It’s been well-documented that acquiring new customers is far more costly than growing relationships with the ones you already have. It’s just one reason that building customer loyalty is a priority for most businesses, and one of the key metrics we measure with the Brand Health Score.

Happy, loyal customers can be a company’s greatest asset. Not just for their lifetime value, but for the new customers they may recruit with word-of-mouth, positive online reviews, and social shares. If you have a segment of active and engaged customers, pat yourself on the back. What you’re doing for those folks is working well. 

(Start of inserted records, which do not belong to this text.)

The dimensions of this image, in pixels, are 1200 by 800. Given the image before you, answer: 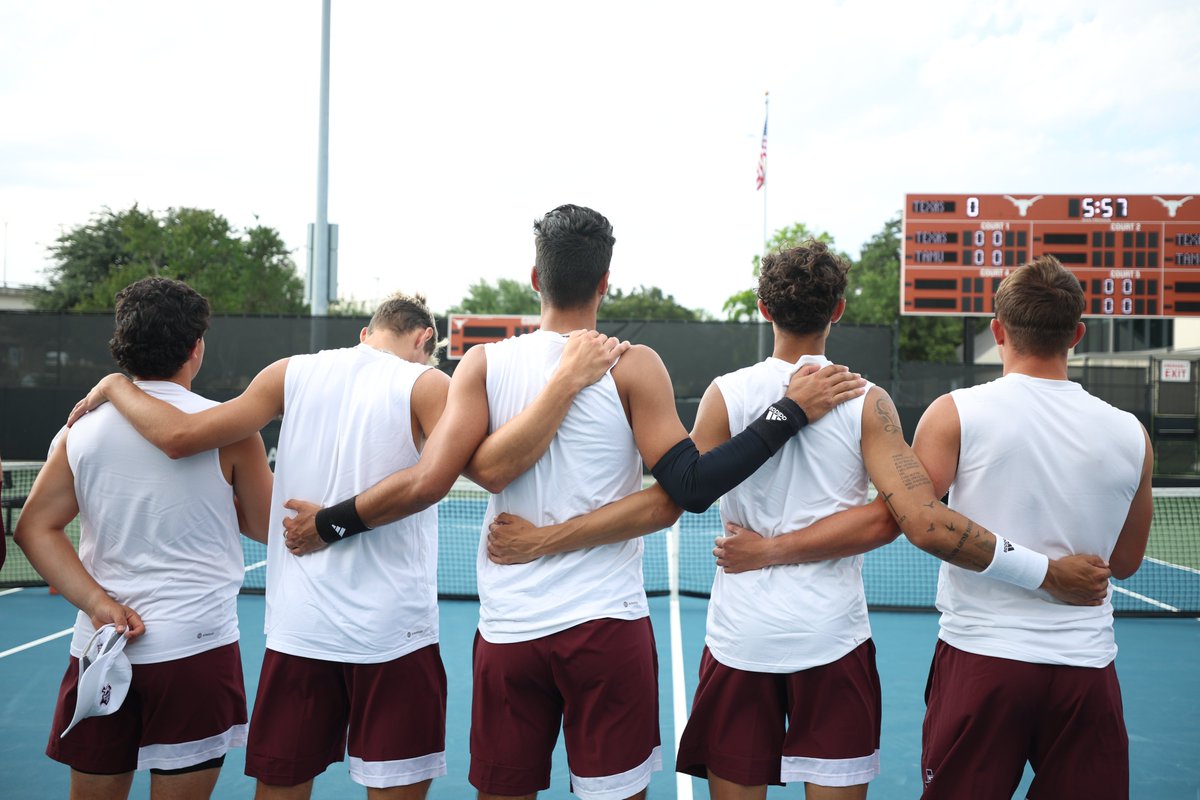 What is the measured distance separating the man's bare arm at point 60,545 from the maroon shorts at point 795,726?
5.09ft

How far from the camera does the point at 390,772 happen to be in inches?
96.2

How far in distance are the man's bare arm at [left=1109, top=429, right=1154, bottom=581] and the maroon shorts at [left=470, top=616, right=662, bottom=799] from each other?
51.8 inches

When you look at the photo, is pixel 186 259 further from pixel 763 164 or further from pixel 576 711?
pixel 576 711

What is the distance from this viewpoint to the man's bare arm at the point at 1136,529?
2.49m

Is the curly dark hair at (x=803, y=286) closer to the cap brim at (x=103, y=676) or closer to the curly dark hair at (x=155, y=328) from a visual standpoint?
the curly dark hair at (x=155, y=328)

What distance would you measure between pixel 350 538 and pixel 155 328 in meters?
0.79

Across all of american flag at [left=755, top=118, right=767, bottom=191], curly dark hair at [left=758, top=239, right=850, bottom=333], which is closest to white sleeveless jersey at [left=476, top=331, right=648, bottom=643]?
curly dark hair at [left=758, top=239, right=850, bottom=333]

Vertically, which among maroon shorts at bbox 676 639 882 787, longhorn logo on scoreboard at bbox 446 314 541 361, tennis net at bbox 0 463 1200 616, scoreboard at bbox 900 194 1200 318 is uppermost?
scoreboard at bbox 900 194 1200 318

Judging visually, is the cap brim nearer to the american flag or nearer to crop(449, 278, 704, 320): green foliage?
the american flag

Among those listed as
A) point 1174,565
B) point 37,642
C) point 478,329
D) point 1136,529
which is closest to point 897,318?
point 478,329

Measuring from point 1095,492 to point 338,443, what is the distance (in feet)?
6.37

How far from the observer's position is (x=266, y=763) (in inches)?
96.6

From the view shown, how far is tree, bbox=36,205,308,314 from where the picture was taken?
33.8 metres

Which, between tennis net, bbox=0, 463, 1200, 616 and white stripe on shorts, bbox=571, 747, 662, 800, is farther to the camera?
tennis net, bbox=0, 463, 1200, 616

But what about your not-so-engaged customers? Before a customer leaves, there’s rarely an announcement or singular tell-tale sign. Rather, there’s a subtle pattern of behaviors – and non-behaviors – that insinuates an impending departure. 

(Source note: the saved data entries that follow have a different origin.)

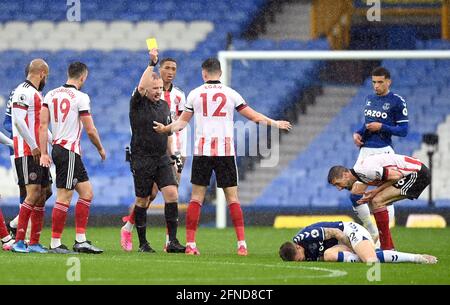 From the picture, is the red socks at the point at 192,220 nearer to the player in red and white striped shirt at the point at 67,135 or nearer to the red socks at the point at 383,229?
the player in red and white striped shirt at the point at 67,135

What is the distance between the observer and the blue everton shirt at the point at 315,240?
11.3m

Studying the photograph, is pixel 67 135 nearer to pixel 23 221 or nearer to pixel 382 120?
pixel 23 221

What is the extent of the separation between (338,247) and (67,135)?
3049 millimetres

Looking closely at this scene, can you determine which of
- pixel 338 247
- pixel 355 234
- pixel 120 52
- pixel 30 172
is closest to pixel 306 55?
pixel 120 52

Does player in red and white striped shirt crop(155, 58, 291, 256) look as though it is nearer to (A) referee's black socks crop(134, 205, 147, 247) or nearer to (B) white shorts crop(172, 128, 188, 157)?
(A) referee's black socks crop(134, 205, 147, 247)

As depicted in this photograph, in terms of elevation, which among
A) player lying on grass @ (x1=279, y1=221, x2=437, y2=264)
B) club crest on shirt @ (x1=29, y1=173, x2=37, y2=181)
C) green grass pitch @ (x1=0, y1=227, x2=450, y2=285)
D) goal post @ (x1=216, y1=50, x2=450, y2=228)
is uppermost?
goal post @ (x1=216, y1=50, x2=450, y2=228)

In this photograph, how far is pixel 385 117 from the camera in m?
13.4

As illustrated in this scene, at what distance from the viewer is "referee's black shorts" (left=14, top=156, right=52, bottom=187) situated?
41.4 ft

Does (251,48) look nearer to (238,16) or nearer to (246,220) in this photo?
(238,16)

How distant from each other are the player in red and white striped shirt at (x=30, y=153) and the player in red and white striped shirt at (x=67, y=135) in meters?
0.28

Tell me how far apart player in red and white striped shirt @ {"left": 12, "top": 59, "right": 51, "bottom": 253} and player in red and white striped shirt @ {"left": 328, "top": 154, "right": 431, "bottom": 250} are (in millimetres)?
3154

Because there are many potential behaviors and variables relative to customer attrition, it can be difficult to identify customers in danger. Unless you have the right data science tools, that is. 

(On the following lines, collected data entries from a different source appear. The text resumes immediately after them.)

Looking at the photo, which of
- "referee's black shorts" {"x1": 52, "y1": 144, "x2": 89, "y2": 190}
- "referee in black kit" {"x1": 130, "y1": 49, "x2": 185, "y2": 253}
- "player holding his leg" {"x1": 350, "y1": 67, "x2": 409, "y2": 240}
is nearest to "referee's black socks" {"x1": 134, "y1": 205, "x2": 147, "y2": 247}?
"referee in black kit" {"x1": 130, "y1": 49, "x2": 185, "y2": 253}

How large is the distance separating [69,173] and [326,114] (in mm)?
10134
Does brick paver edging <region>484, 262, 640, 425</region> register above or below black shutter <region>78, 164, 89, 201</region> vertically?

Artificial intelligence solutions, such as neural networks, are providing marketers and other business leaders with new windows of insight into customers with the greatest likelihood of disengaging from the brands in their lives. Rather than accept attrition as an inevitable part of business, companies are now working to become proactive and laser-focused in their retention efforts. 

Here’s an example…

A Discida client was losing market share. Throwing up their hands in despair was not an option for the company’s leadership. Neither was impulsively rolling out irrelevant marketing offers. Instead, they wanted to focus the company’s resources exactly where it would have the most impact.

With the assistance of an AI neural network, the company’s marketing team deeply analyzed customer data. The network’s ability to synthesize large amounts of multi-dimensional data revealed the behavioral patterns and factors that preceded a customer leaving. That, in turn, allowed the company to segment its customer base and deploy hyper-personalized promotions, getting the right offer to the right customer at the right time. AI and data science enabled the company to become both proactive and effective, reaching waning customers with re-engagement campaigns before they left.

Companies don’t need a crystal ball to know which customers will leave. In fact, they have the answers right now. They’re just buried deep within their data, waiting for the right tools to uncover them.